Work task: Pick out the lines in the listing below that contain the word "edge" and copy them.

Data in this exercise:
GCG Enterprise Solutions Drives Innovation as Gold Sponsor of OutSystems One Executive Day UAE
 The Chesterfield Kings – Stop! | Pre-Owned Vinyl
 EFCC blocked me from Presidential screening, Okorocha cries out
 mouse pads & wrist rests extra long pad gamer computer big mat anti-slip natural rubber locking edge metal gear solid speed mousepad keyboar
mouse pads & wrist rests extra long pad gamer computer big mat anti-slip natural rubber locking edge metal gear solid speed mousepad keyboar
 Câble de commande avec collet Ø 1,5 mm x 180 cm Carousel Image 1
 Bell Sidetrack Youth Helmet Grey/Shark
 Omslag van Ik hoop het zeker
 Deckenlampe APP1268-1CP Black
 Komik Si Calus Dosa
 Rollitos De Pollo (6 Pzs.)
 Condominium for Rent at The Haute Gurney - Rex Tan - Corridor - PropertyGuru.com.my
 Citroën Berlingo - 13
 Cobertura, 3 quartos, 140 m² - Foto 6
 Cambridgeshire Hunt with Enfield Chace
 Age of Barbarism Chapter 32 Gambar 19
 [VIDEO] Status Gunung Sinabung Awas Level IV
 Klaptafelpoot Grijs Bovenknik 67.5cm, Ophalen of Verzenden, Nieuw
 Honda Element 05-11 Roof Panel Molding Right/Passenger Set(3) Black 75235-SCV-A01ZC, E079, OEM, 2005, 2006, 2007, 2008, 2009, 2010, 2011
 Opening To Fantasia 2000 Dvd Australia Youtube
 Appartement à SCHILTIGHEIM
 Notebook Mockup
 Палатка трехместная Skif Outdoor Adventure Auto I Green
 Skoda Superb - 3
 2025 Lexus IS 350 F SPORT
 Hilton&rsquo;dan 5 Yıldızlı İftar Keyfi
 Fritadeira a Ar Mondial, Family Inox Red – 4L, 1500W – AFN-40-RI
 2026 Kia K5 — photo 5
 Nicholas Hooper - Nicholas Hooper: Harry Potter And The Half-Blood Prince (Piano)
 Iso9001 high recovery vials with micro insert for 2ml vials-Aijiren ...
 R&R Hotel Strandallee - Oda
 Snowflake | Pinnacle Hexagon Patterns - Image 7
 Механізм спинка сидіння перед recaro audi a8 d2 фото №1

Written answer:
 mouse pads & wrist rests extra long pad gamer computer big mat anti-slip natural rubber locking edge metal gear solid speed mousepad keyboar
mouse pads & wrist rests extra long pad gamer computer big mat anti-slip natural rubber locking edge metal gear solid speed mousepad keyboar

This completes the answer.